For a chemicals manufacturer having new substances to produce, being able to write a quick commercial proposal is a major issue. Indeed, for a new molecule, the price depends on many factors and is sometimes difficult to assess. We attempted to train a deep neural network able to give a quick quotation for any new molecule. Hereinafter, the preliminary results are presented.
State of the art
In a recent article , researchers noticed a correlation between the molecular complexity and the price, based on a classic statistical analysis. These correlations appear especially for homogeneous classes of chemicals. In order to make prediction, we developed a prototype based on a deep neural network implemented with Tensorflow.

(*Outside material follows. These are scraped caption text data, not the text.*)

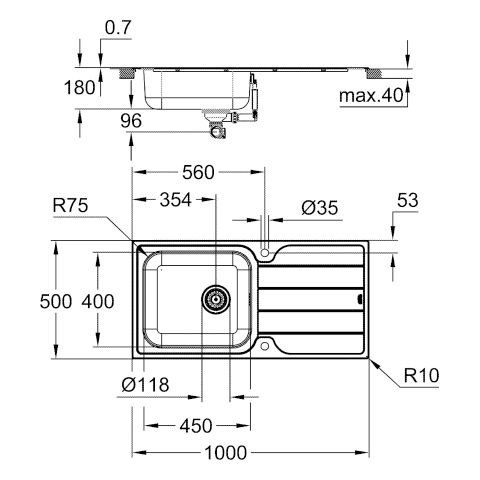 Grohe Inbouw Spoelbak K5001000x500mm Stainless Steel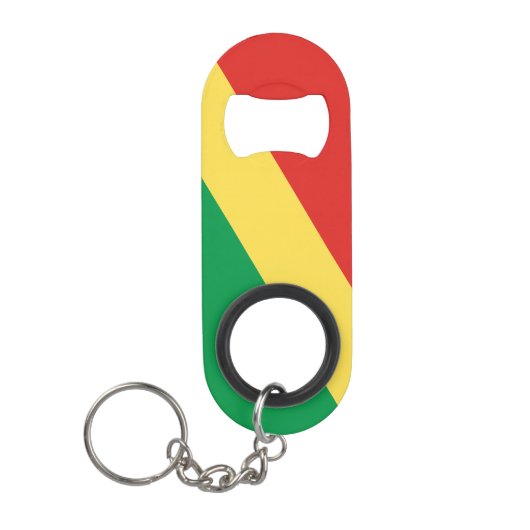 Vlag van de Republiek Congo Mini Flessenopener (Voorkant)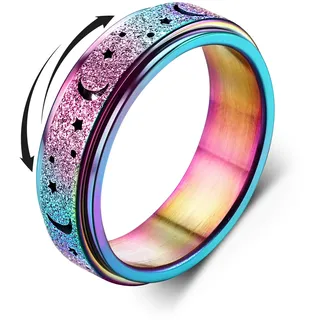 Diamday Anti Stress Ring Anti-Angst Spinner Ringe Anxiety Fidget Ring | Edelstahl Roller Ringe, Stress Anxiety Ring für Damen Herren, Antistress Spinner Fidget Ring, Mondstern Sand, Blast Finish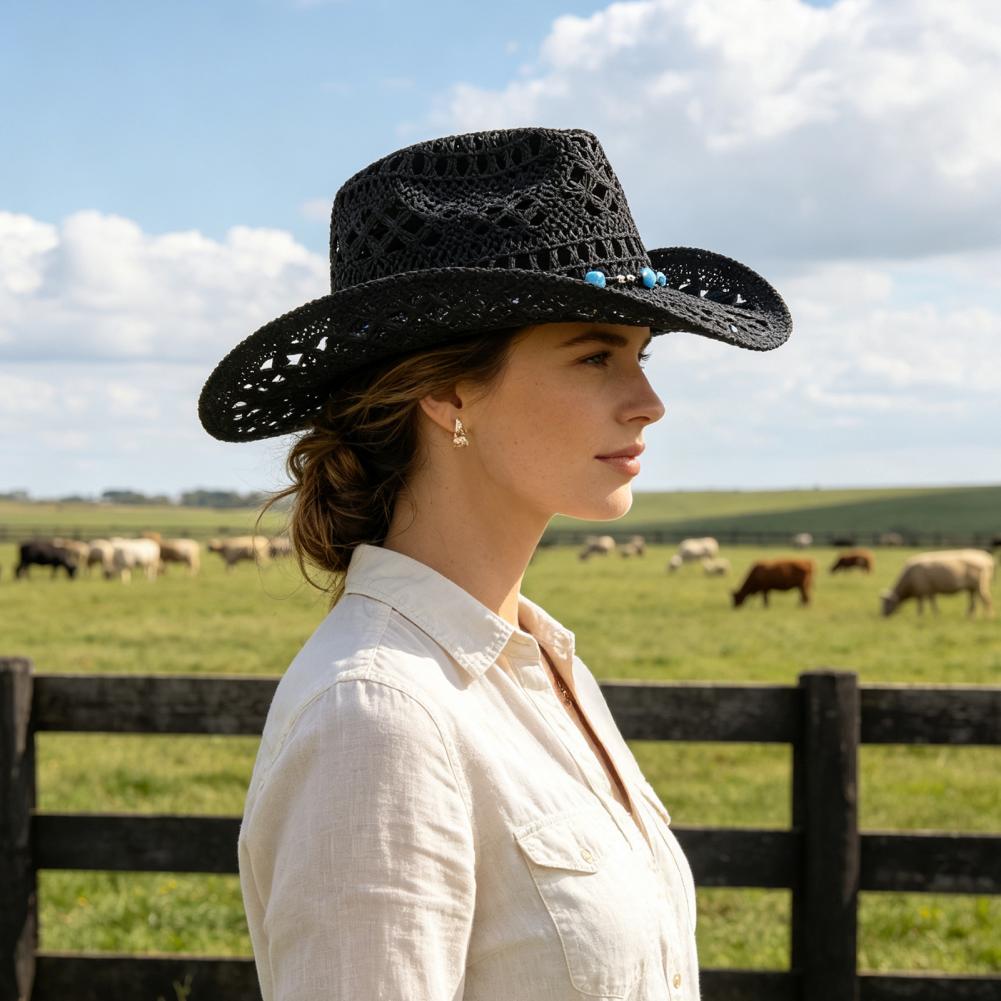 Cowboy Hat Straw - Cowboyhoed met brede rand Comfortabele tuiniershoed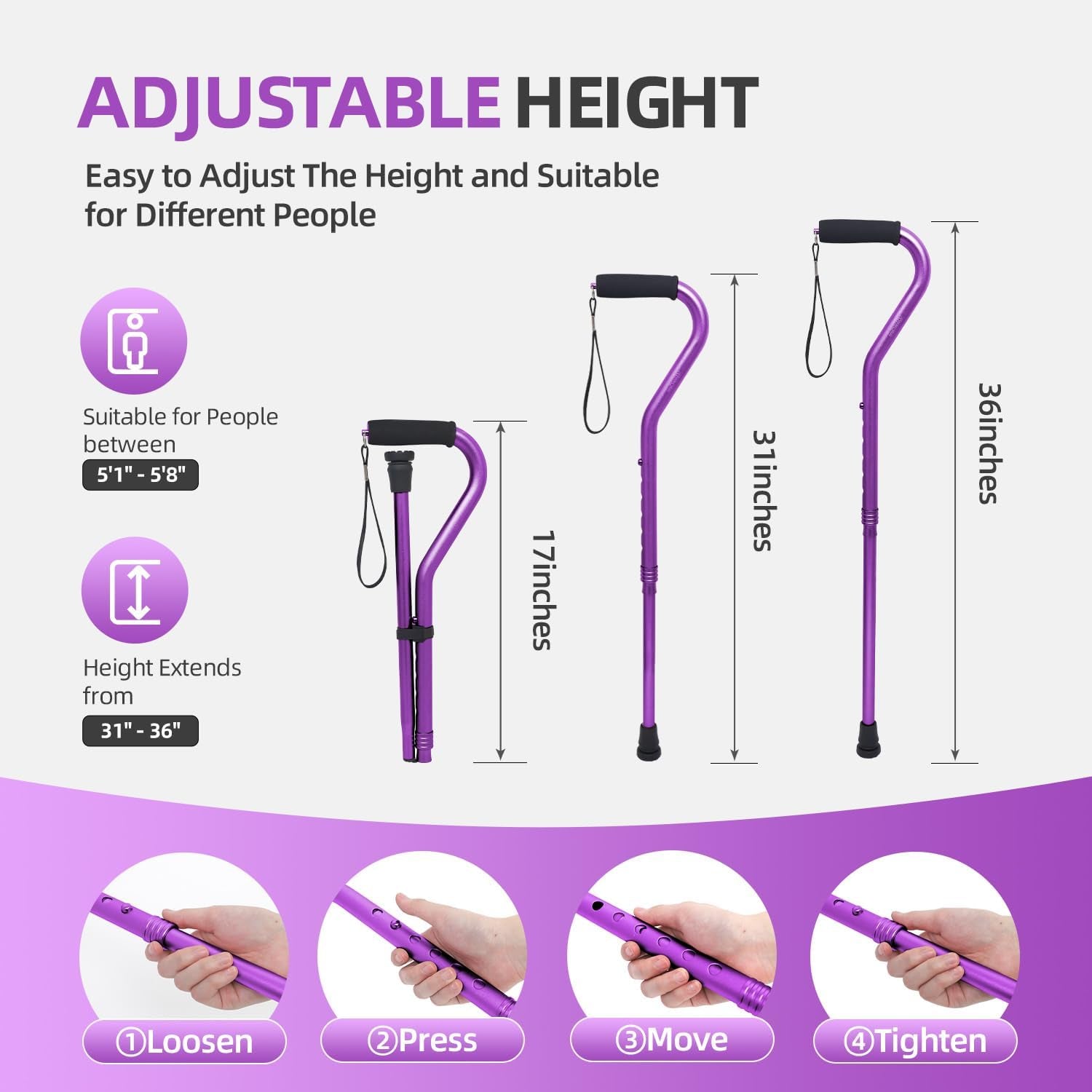 Walking Cane for Men & Women Adjustable Cane with Offset Soft Cushioned Handle -Portable Lightweight Sturdy Mobility Walker Aid for Elderly, Seniors Collapsible Cane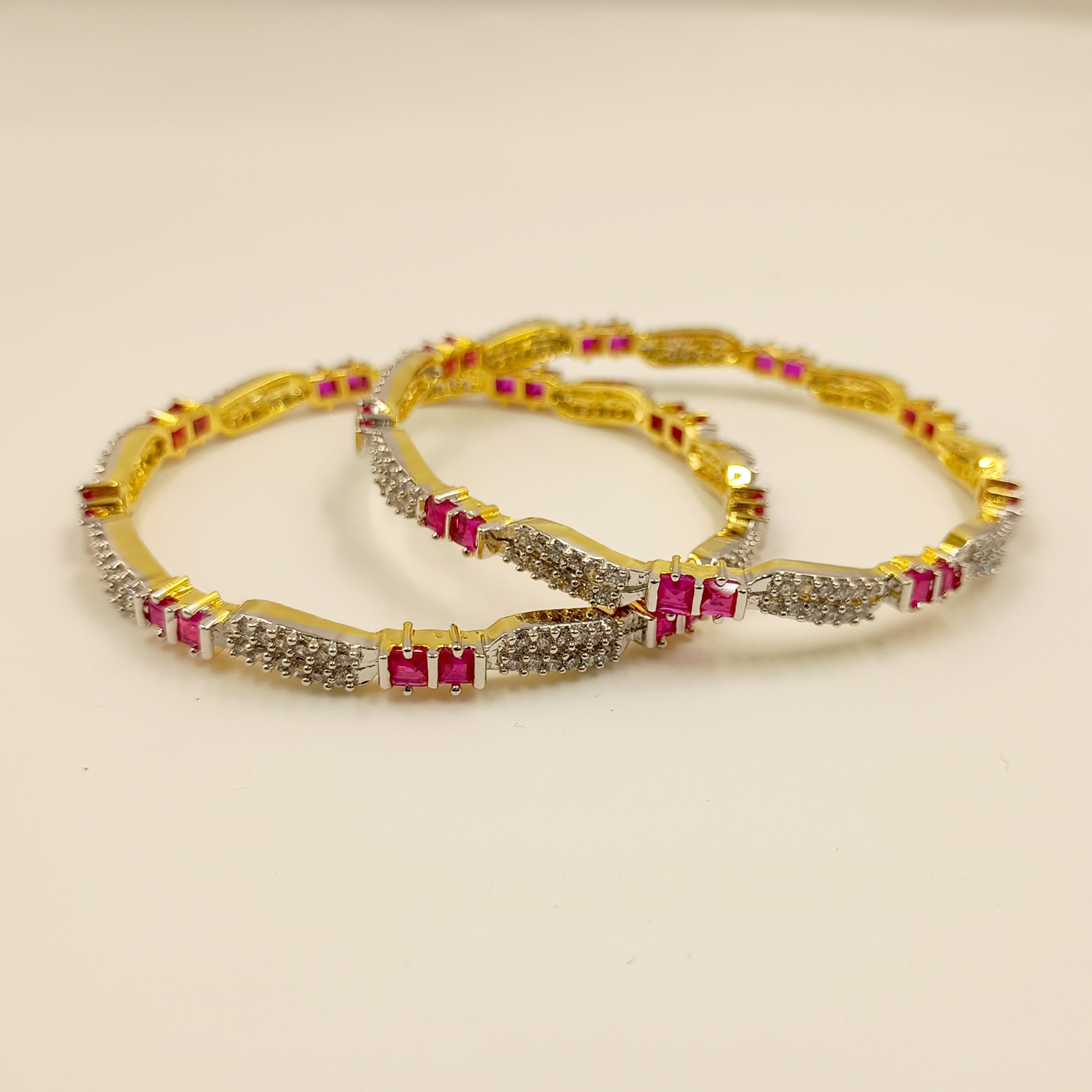 Designer Ruby & Cubic Zirconia Bangle Set Handmade 22K Gold Plated Ethnic Style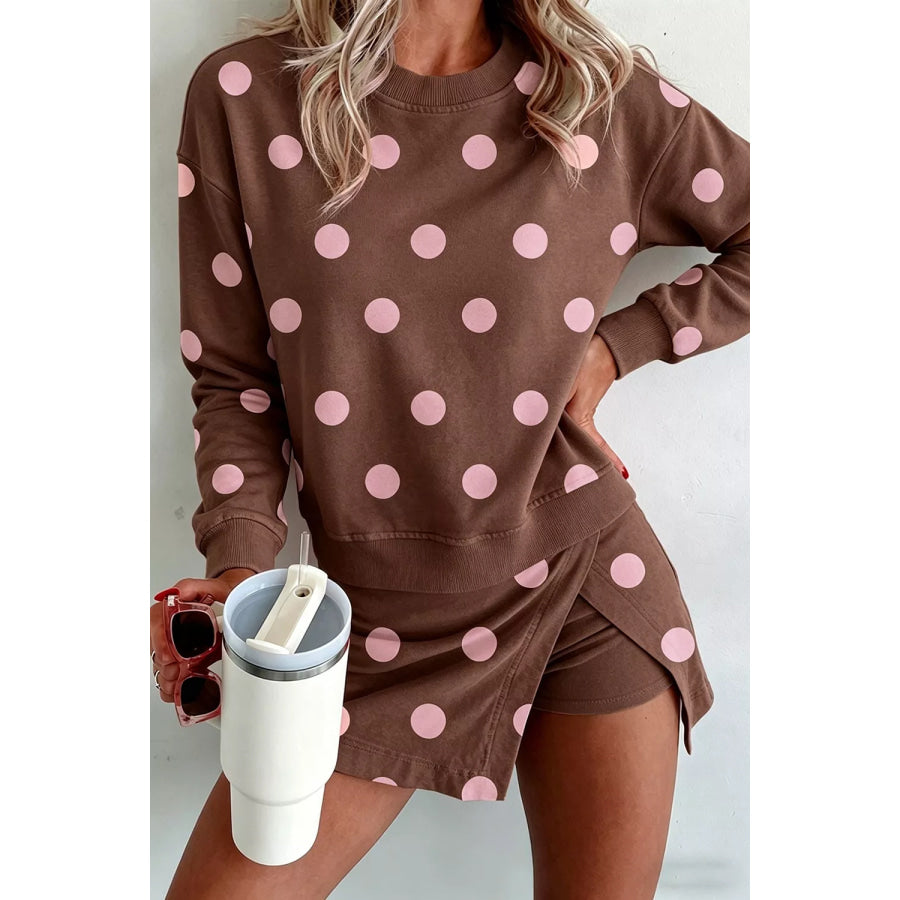 Polka Dot Sweatshirt and Skirt Set Apparel and Accessories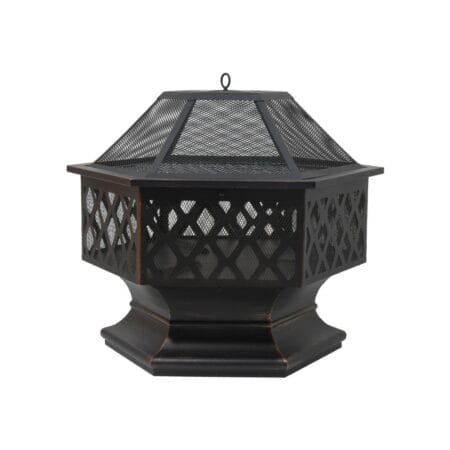 Kamin HEXAGON bakrena patina s poklopcem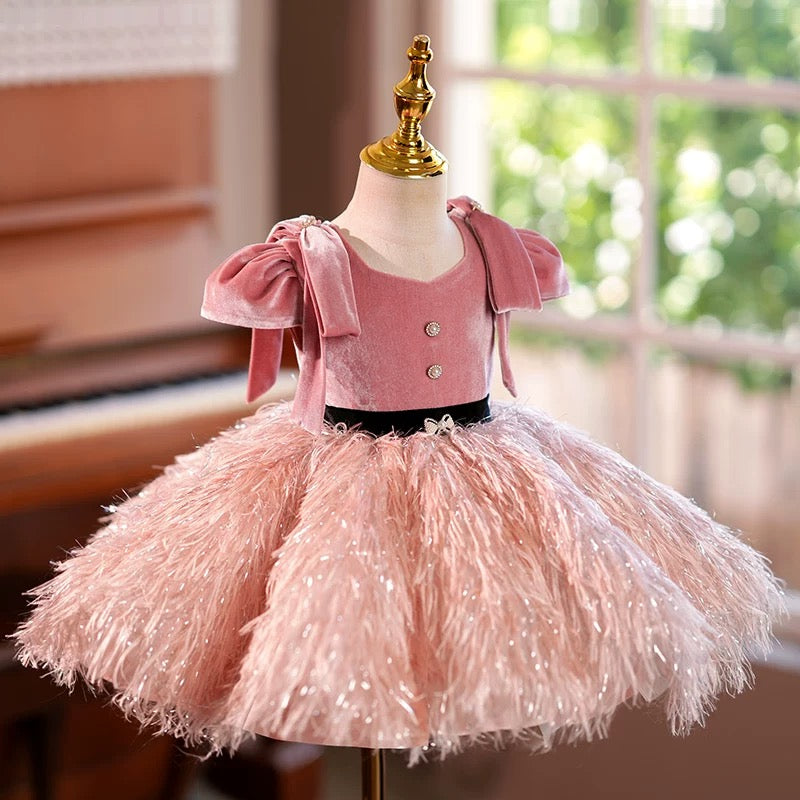 Jill Pink Feathers Toddler Birthday Party Flower Girl Dress J419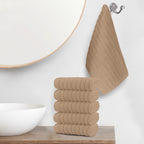 6-Pack Premium Turkish Cotton Corduroy Stripe Washcloths Set, 13 x 13 inch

We used the same database as researchers in reference. The 2.2 millions chemicals dataset in SDF format has been parsed reduced to clean improper datas.
|Neural network layers||3|
|Optimizer||Stochastic gradient descent with learning rate 0.01|
|Loss||Mean Squared Error|
|Training set||779092 molecules|
|Validation set||194773 molecules|
We get interesting preliminary results with a price prediction at 30% correct for more than 85% of the molecules.
This preliminary result is interesting however several points have to be checked. The dataset of prices used by reference researchers comes from a private company and is not fully documented and referenced. So the relevancy of the training set is not clearly stated at the present time. The molecules described in the dataset ar only made of C,H,O,N,Cl,S,Br,F,I,B,K Se atoms. This is sufficient for many organic chemicals, but some price ranges are also under represented (fig2). Furthermore, we experimented a large variety of features to describe the molecules, including semantic analysis tokenization. However, these rapid approaches are not so relevant than the one we used in our reference chemical deep learning framework AlchemAI. All these points have to be clarified to go further. Nevertheless, this type of deep learning approach can be easily used on reduced price dataset, like the one made of previous price quotations by a specific fine chemicals manufacturer, then retrained to fit more closely to the price obtained on real manufacturing facilities.
The most simple neural network we developed should be able to start prediction from a dataset of at least 100-150 molecules with price or production costs and being fully efficient from 2000 examples of price quotation.